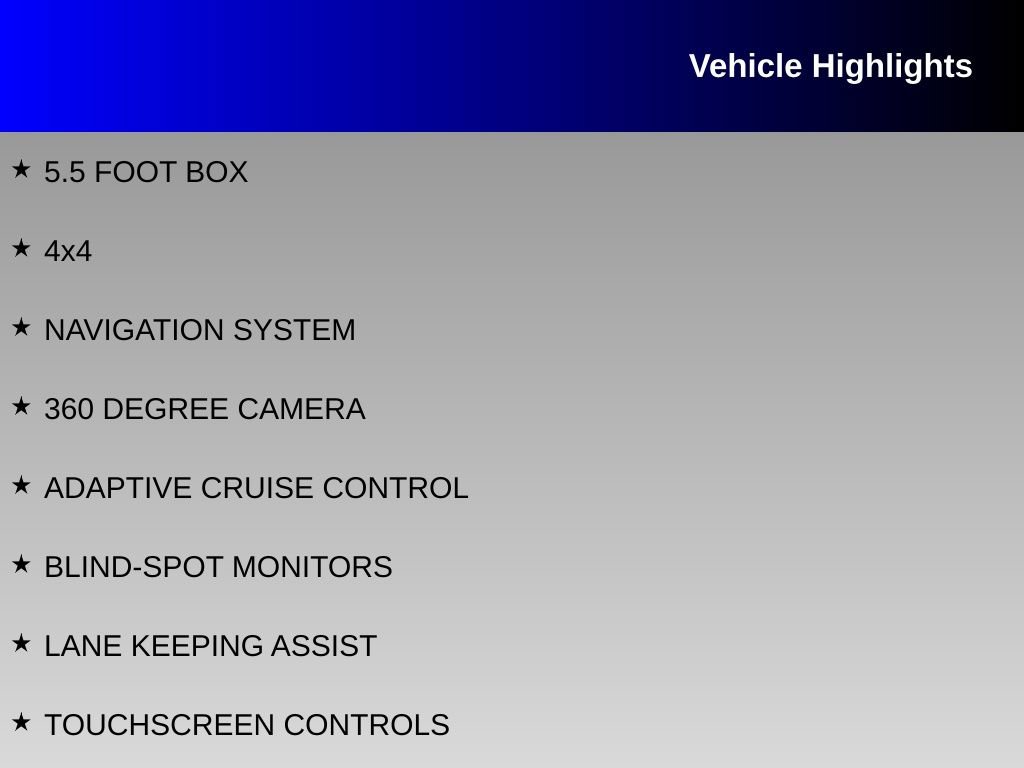 Used 2025 Ford F150 Tremor w/ Mobile Office Package AWD/4WD image 4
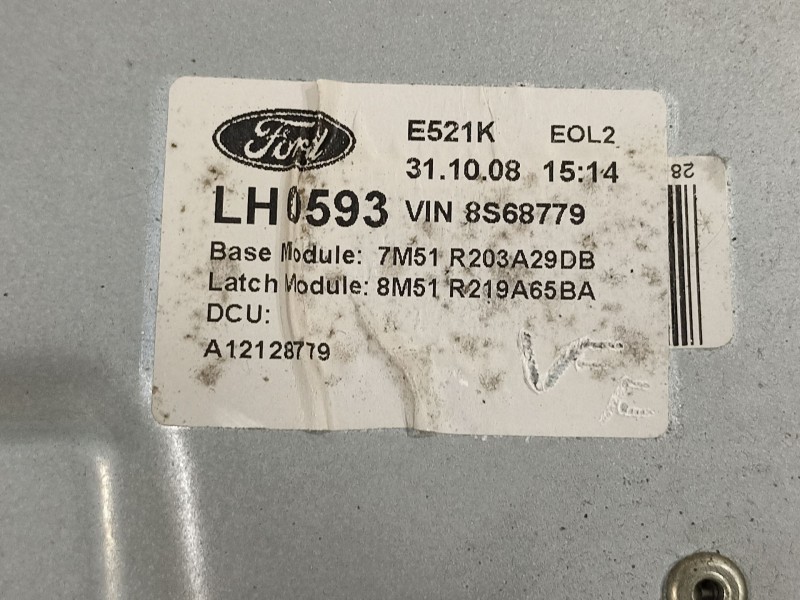 Recambio de elevalunas delantero izquierdo para ford c-max (cb3) style referencia OEM IAM 7M51R203A29  7M5T14B533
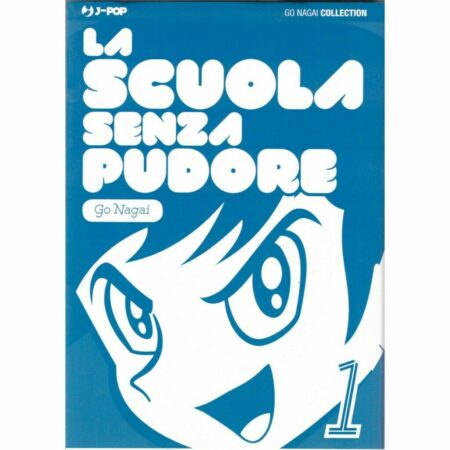 La Scuola Senza Pudore 1 - Jpop - Italiano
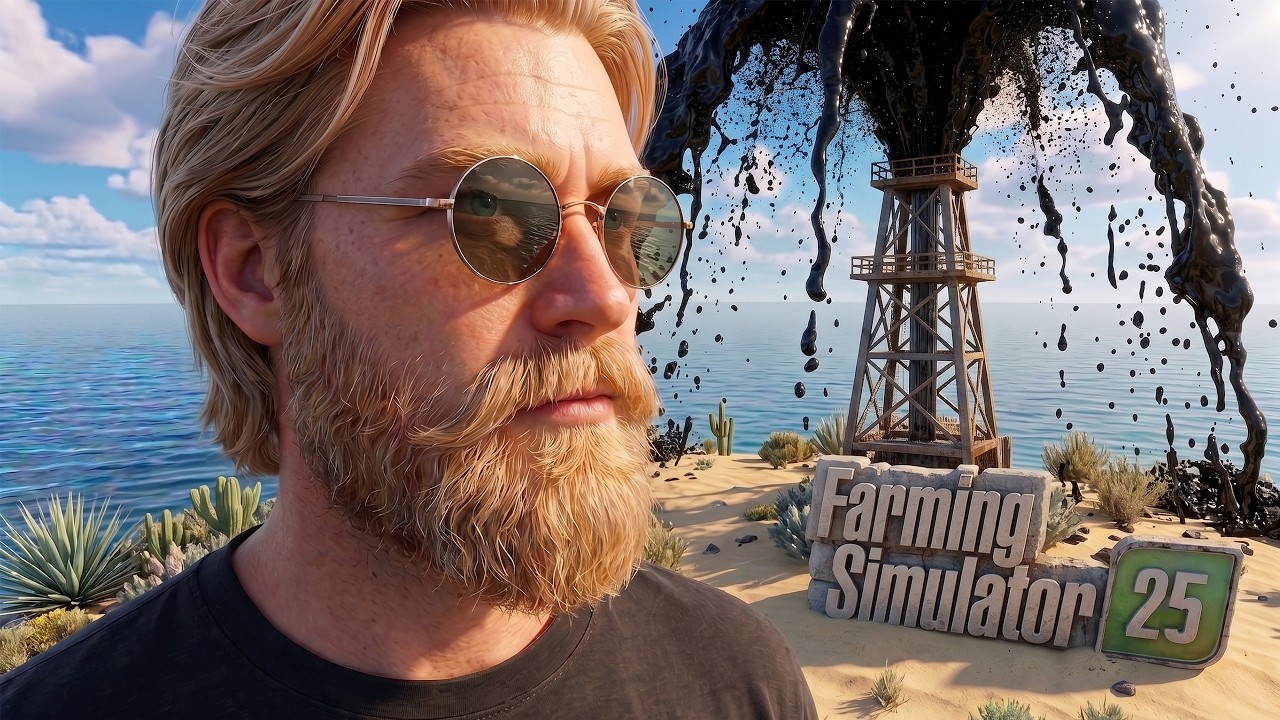 Нефтяной магнат в Farming Simulator 25 EP 2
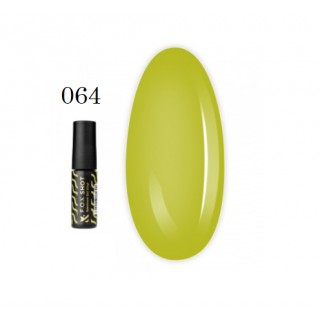 Гель-лак F.O.X. Shot Spectrum Gel Vinyl 064 пастельний салатовий 5 мл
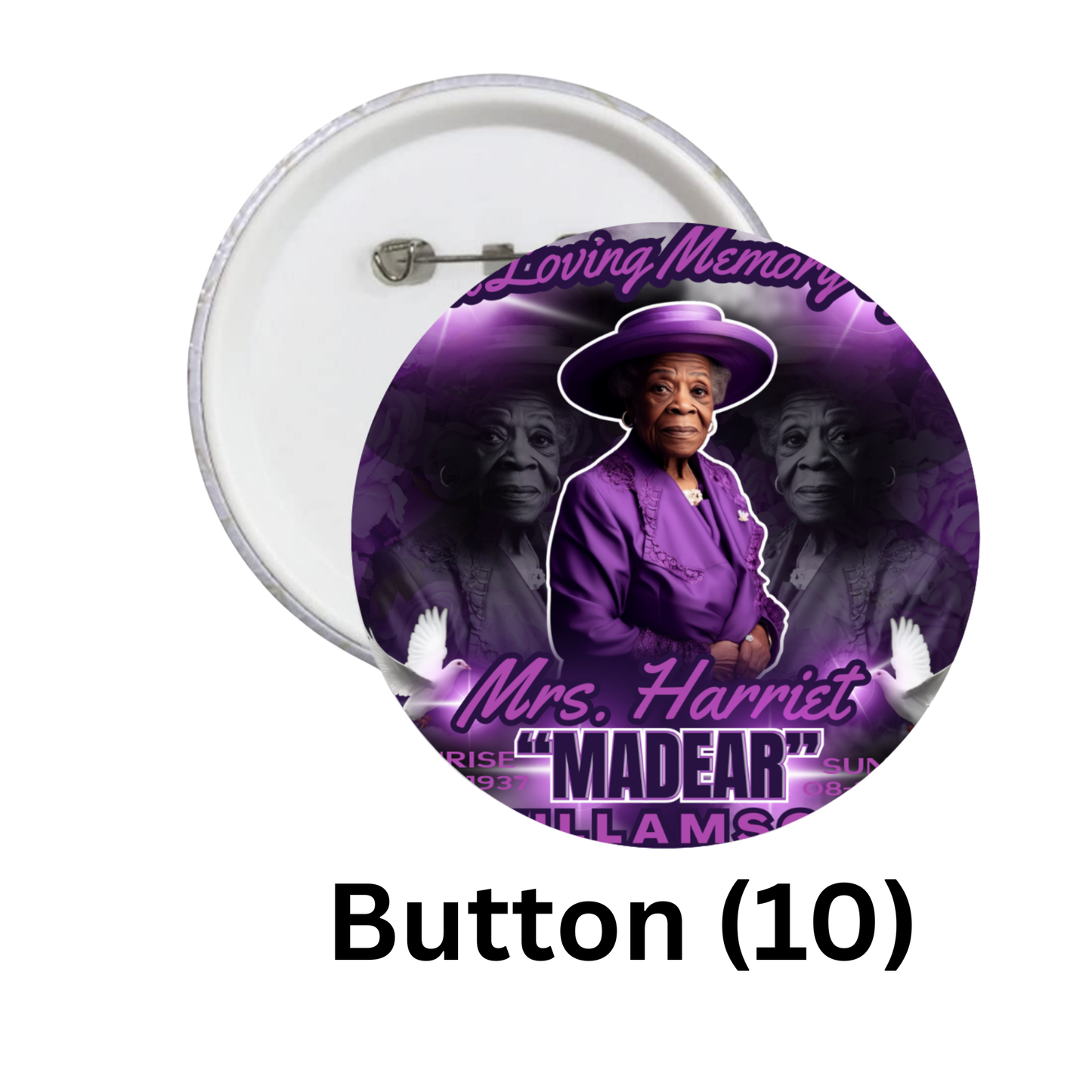 Memorial Button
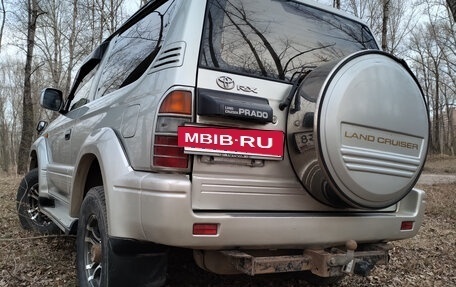 Toyota Land Cruiser Prado 90 рестайлинг, 1998 год, 1 100 000 рублей, 14 фотография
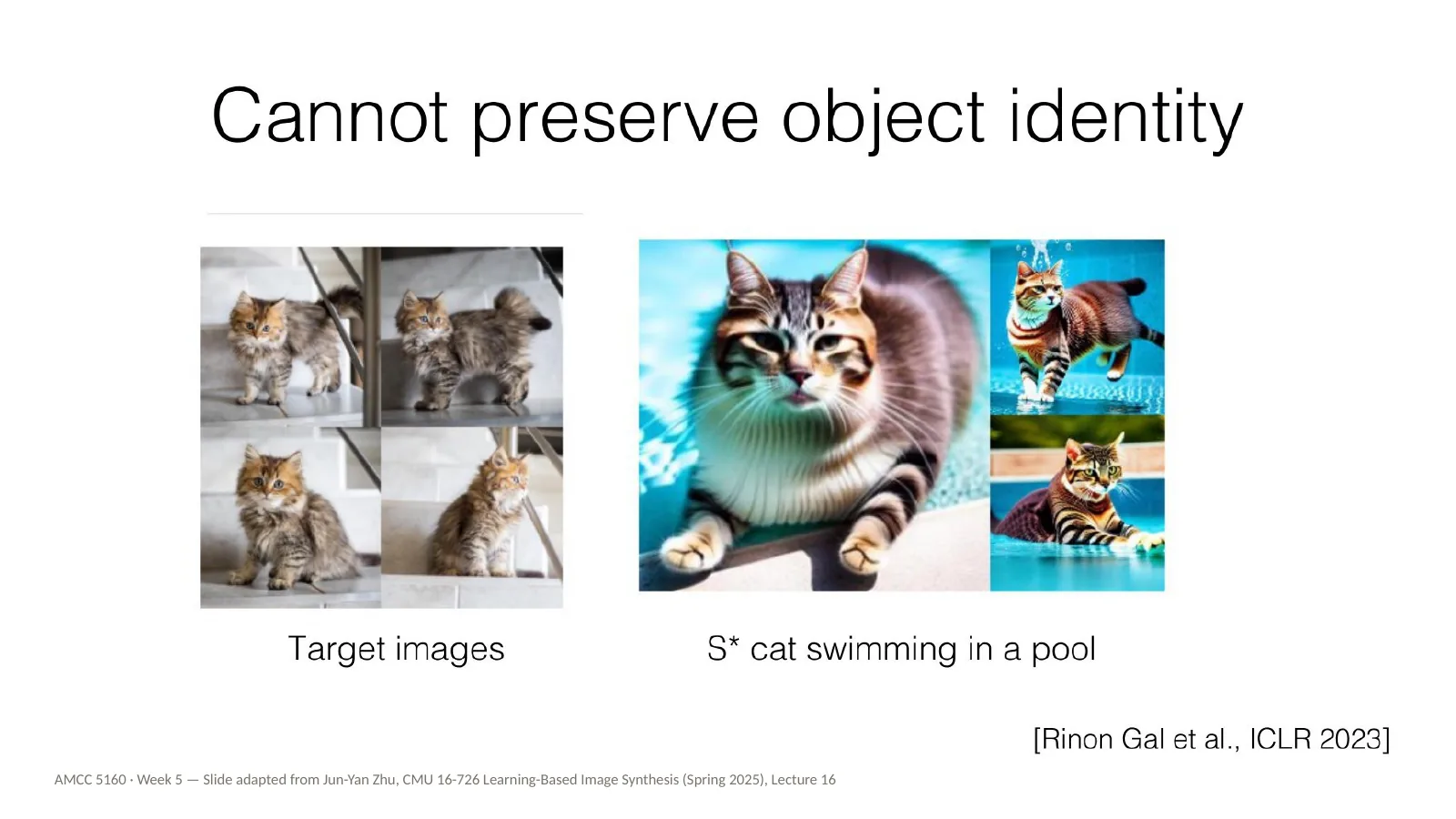 Slide 22: Cannot preserve object identity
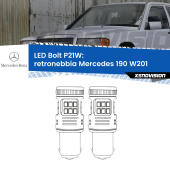 P21W: LED Bolt Rossi (Coppia)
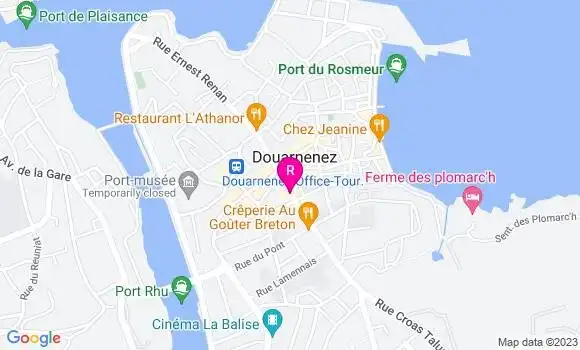 Localisation Restaurant  Les Herbes Folles
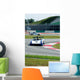 Racing Car at the Track Wall Mural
========================
Action item -
Write the records out once more, exactly as they appear, with no pictures.

Written response -
 Used 2025 Ford F150 Tremor w/ Mobile Office Package AWD/4WD image 4
 Recambio de elevalunas delantero izquierdo para ford c-max (cb3) style referencia OEM IAM 7M51R203A29  7M5T14B533
 La Scuola Senza Pudore 1 - Jpop - Italiano
 Нефтяной магнат в Farming Simulator 25 EP 2
 Гель-лак F.O.X. Shot Spectrum Gel Vinyl 064 пастельний салатовий 5 мл
 Memorial Button
 Toyota Land Cruiser Prado 90 рестайлинг, 1998 год, 1 100 000 рублей, 14 фотография
 Slide 22: Cannot preserve object identity
 P21W: LED Bolt Rossi (Coppia)
 Localisation Restaurant  Les Herbes Folles
 Racing Car at the Track Wall Mural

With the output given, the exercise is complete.